Le terme hébraïque pour décrire le retrait de Dieu est Tsimtsoum – tout comme le nom du navire de Pi ! Ce n'est évidemment pas une coïncidence. Le naufrage du Tsimtsoum transforme la vie de Pi en un total chaos, l’arrachant cruellement à ses proches et à son enfance. Il lui reste alors le choix: voir le monde comme un lieu de hasard et de cruelle souffrance, ou voir la « meilleure histoire », celle d’un monde  rempli  de sens, d'amour et de miracles. De la même manière, le Tsimtsoum de Dieu a créé un monde dans lequel Il est caché, et où les choses apparaissent complètement aléatoires. Le choix nous appartient: de ne voir que la douleur et la souffrance de ce monde, ou d’en découvrir le sens profond.

Un choix rationnel

Comble de l’ironie du sort, ce que j'ai d'abord perçu comme un livre ignorant le Judaïsme, se révèle ressembler étrangement à un cours particulier de mystique juive. Je serais curieux de savoir si Martel s’attendait à ce que ses lecteurs soient suffisamment versés en Kabbale pour saisir son code secret.

Et pourtant, le message véhiculé par L’Histoire de Pi est loin d’être authentiquement juif. Selon Pi, Dieu constitue « la meilleure histoire ».  La croyance en Dieu rend la vie plus riche, plus facile et plus significative – mais n'a pourtant rien de rationnelle En d'autres termes, nous pouvons choisir notre façon de percevoir la réalité, mais quelque soit le choix que nous faisons, l'image n’en est pas plus précise pour autant.

Prendre une décision rationnelle, en toute connaissance de cause, sur l'existence de Dieu.

En revanche, selon le Judaïsmela croyance en Dieu est une démarche extrêmement rationnelle. Une personne a l'obligation d'examiner la validité de l'existence de Dieu, du mieux que sa capacité intellectuelle le lui permette, et prendre ensuite une décision rationnelle, en toute connaissance de cause. Si Dieu est Vrai avec un grand V, alors ce n'est pas seulement une belle histoire, c'est la Réalité avec un grand R.

A présent nous pouvons comprendre pourquoi, du point de vue de Pi, il n'est nullement contradictoire d’appartenir à trois religions différentes. Si Dieu n’est rien de plus qu’une décision subjective pour nous embellir et nous faciliter la vie, alors tout ce qui peut nous aider à atteindre ce but est parfaitement valide. A l’inverse, si nous considérons que Dieu est Vrai, nous avons alors l'obligation de trouver le chemin qui véhicule le mieux l’objectif qu’Il a tracé pour l’humanité.

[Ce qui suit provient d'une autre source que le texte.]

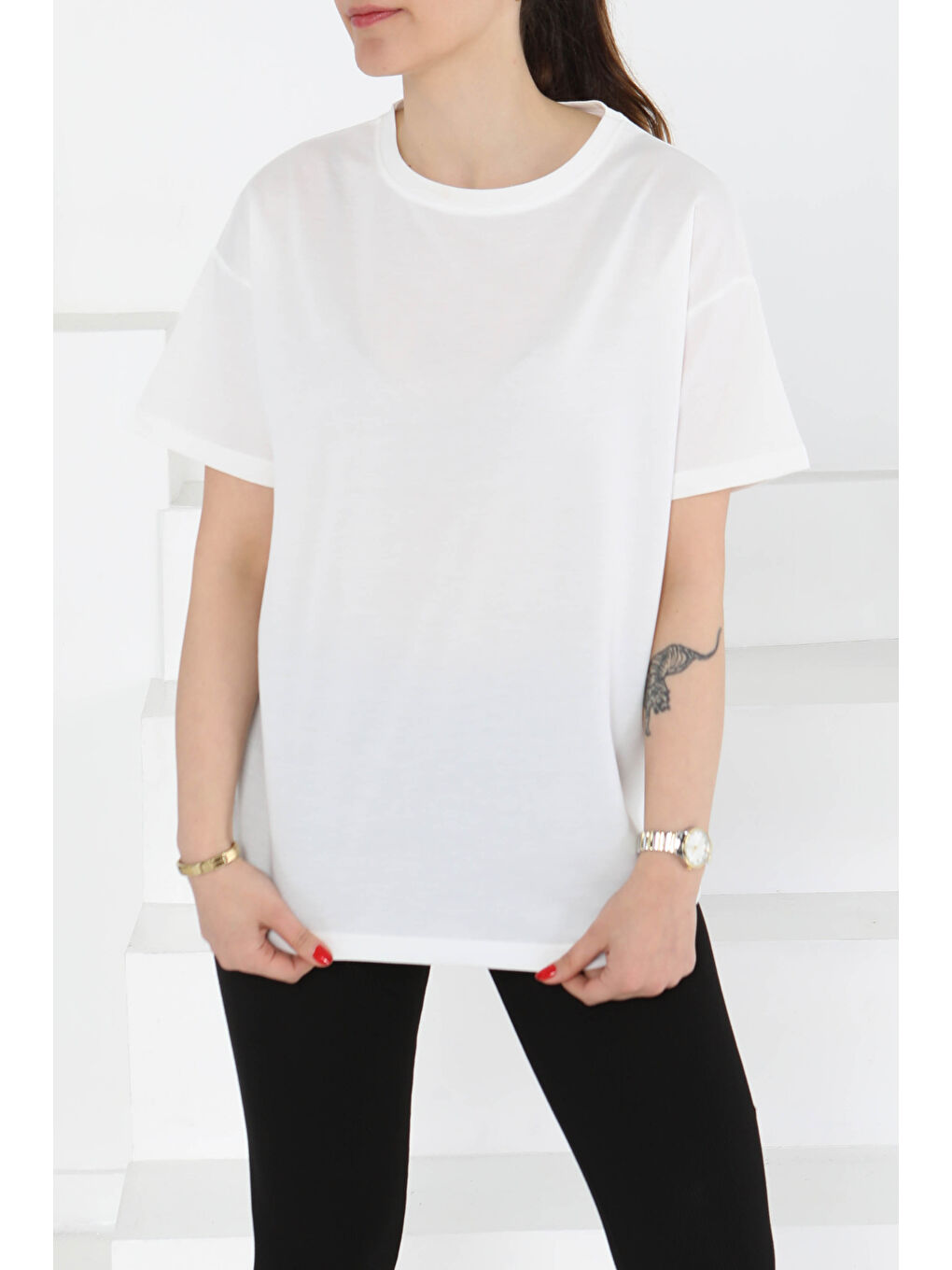 Kısa Kollu T-Şhirt Beyaz - 27140-1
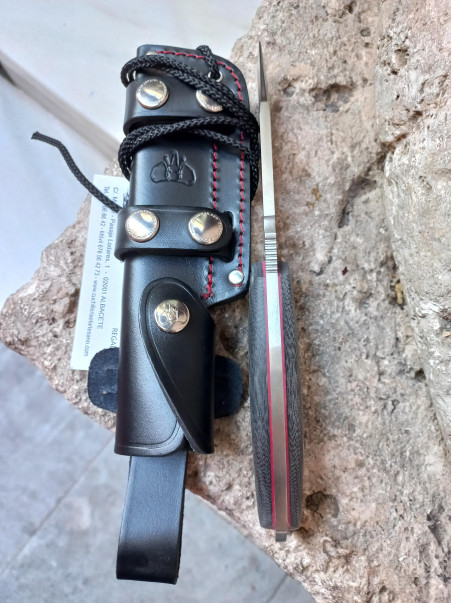 CUCHILLO CAZA CUDEMAN JJSK1 MIKARTA NEGRA 124-M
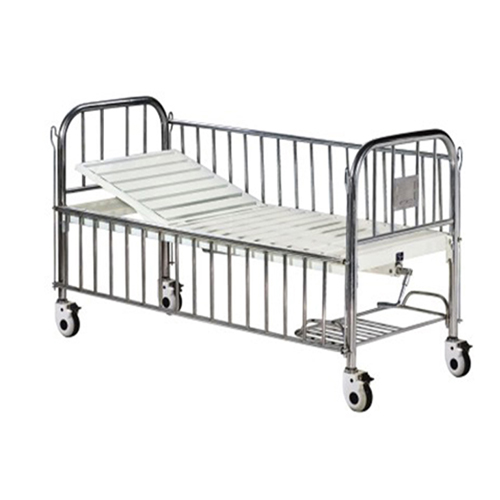 Epoxy coated Semi-fowler child bed with S.Sguard rails & head board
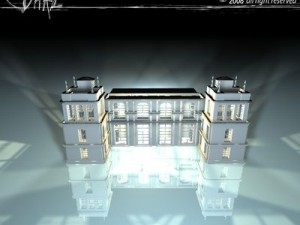 arenas tribune 3D Model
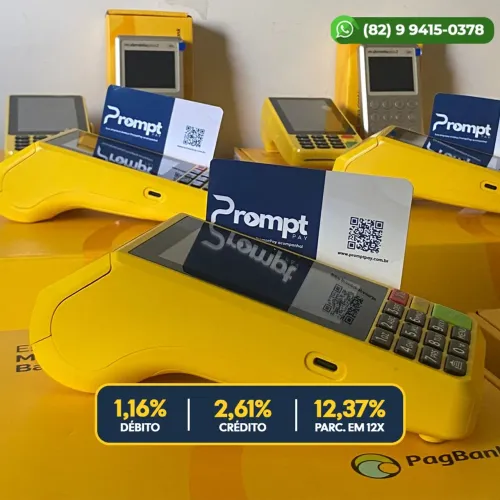 MAQUININHAS DE CARTÃO PRONTA ENTREGA COM TAXAS EXCLUSIVAS!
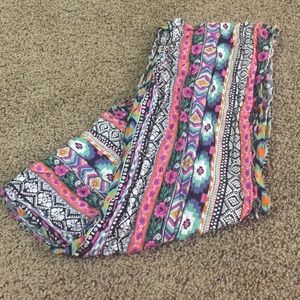 patterned scarf/shawl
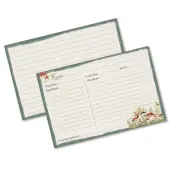 Woodland Mushrooms 4X6 Recipe Cards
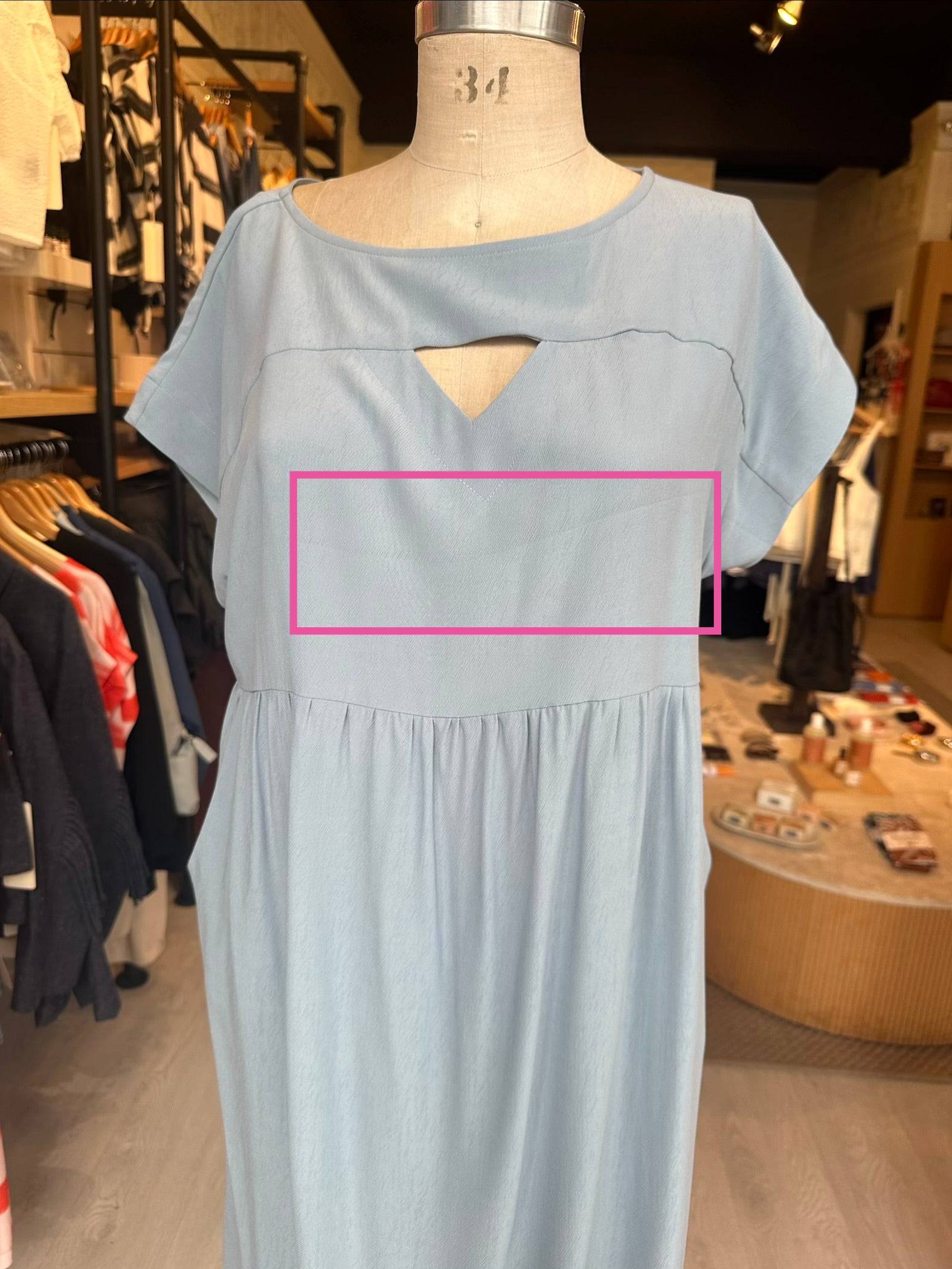 PSYCHE Dress - Sky (Imperfect)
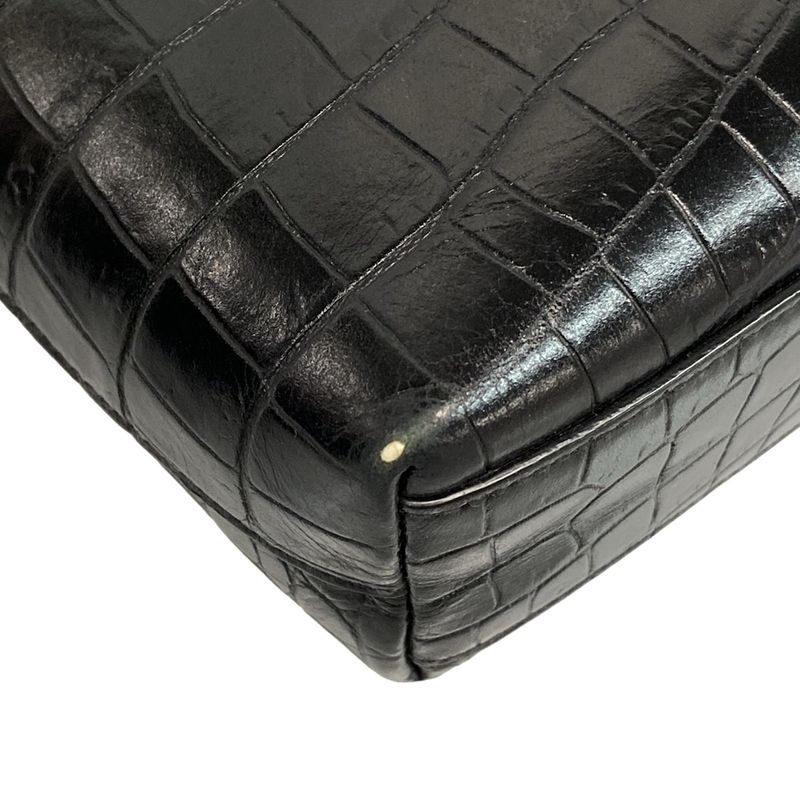 Saint Laurent Paris Tote Bag Mini Toy Shopping 712367 Black Shape Pressed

Le Judaïsme n'a pas la prétention de détenir « l’exclusivité de Dieu ». Bien au contraire, nous ne croyons pas, à l’inverse de l'Islam et du Christianisme, à l’obligation pour toute l'humanité de se convertir au Judaïsme. En fait, chaque nation est libre de servir Dieu à sa manière, à condition de respecter certains principes universels de morale. Car si Dieu est infini, les manières de se relier  à Lui, devraient l’être aussi.

L'Islam, le Christianisme et l'Hindouisme ne peuvent pas tous constituer l’« Absolue Vérité ». Ils peuvent chacun exprimer des aspects communs de Dieu, à condition s’ils ne se contredisent pas. Par exemple, bien qu’un Musulman croie que Jésus était un prophète, ils considèrent le fait de l’appeler dieu comme un blasphème. De même, les Chrétiens et les Musulmans considèrent la croyance en les nombreux dieux de l'Hindouisme comme de l'idolâtrie. Ils ne peuvent donc pas tous avoir raison.

Pi perçoit la croyance en Dieu comme une bonne idée, un choix bien pensé dans la réalité subjective de la modernité. Mais les Juifs, en revanche, sont convaincus qu'Il constituent la Seule et l'Unique Réalité.